Sinistra Radicale: salvo la Liguria, la tornata del 31 maggio è stata avara di successi con la sinistra “radicale”. Da questo dovrebbe derivare che a Milano (e forse a Roma) dovrebbe esserci una lista unica che vada da Civati a Rifondazione, da Sel ai comunisti italiani ecc. Questo in teoria, in pratica le cose sono meno semplici ed abbastanza nebulose. In primo luogo nessuno capisce che intenzioni ha Landini. Personalmente sono convinto che la sua coalizione sociale non sposti più dell’1 o 2%, ma, a quanto pare, molti pensano il contrario e, prima di decidere cosa fare, vogliono sapere cosa fa lui. Poi c’è il problema: candidatura da soli o in coalizione con il PD? Sel, ci scommetto quel che volete, è pronta ad andare in coalizione con il Pd. Civati non so, ma sarebbe paradossale fare una scissione per poi andare al soccorso di quello da cui ti sei separato. Vice versa, suppongo che Rifondazione e simili non intendano fare alleanza con il Pd e il problema si porrà già dalle primarie che potrebbero allettare qualcuno come occasione di pubblicità. Ma se ti presenti alle primarie, a meno di non accusare di brogli, poi è difficile tirarsi fuori. Insomma più facile a dirsi che a farsi una lista di tipo genovese. Una cosa è sicura: chiunque si presenti con il Pd, si autodefinisce come “cespuglio” e si condanna alla marginalità politica.
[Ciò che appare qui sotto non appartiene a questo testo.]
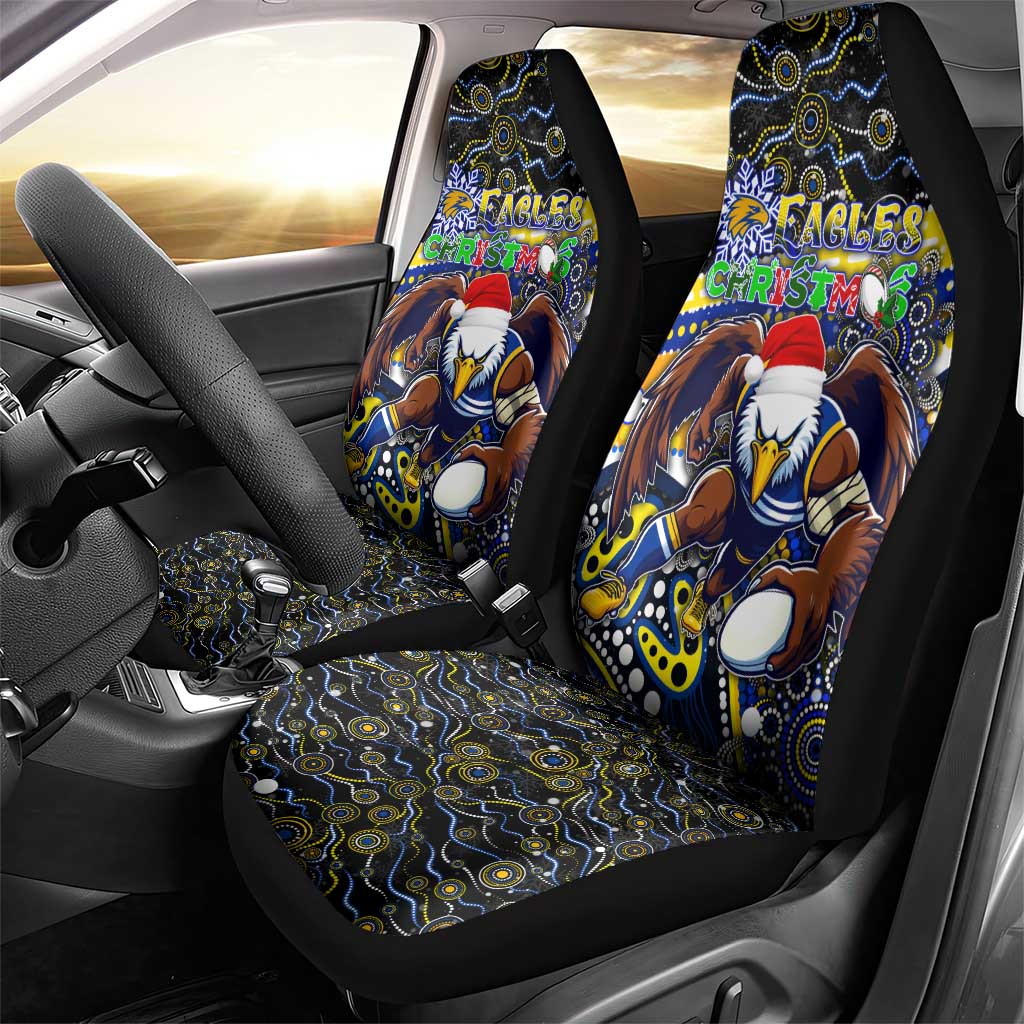 Merry Christmas AFL Eagles Car Seat Cover Aboriginal Santa Football Mascot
Centro: altra partita difficile è quella del centro che ha qui l’ultima occasione per individuarsi come polo distinto da quello di destra salviniano. E’ un’area terribilmente frammentata, quasi quanto la sinistra “radicale” (Popolari di Alfano e Casini, Fittiani, Tosiani, Spacchiani, Mastelliani, residui di Scelta Civica ecc.). Però Tosi, Fitto e Spacca non sono andati affatto male ed alla congrega, a determinate condizioni, potrebbe aggiungersi Verdini. Insomma potrebbero rifare un polo del 10% forse decisivo al ballottaggio. Il primo problema è che gli manca in soggetto federatore sia come partito che come personaggio. Passera lo vedo un po deboluccio, anche se, forse, come sindaco di Milano potrebbe essere la scelta giusta per l’area.

Il vero asso nella manica potrebbe essere Marchini a Roma: due anni fa prese il 10% e, con lo scandalo, è possibile che raddoppi, se poi arrivasse al ballottaggio potrebbe anche farcela. Un grande successo a Roma, soprattutto se si accompagnasse ad un insuccesso leghista e ad una nuova flessione di Fi, potrebbe mettere in pista il centro e dare molte sorprese.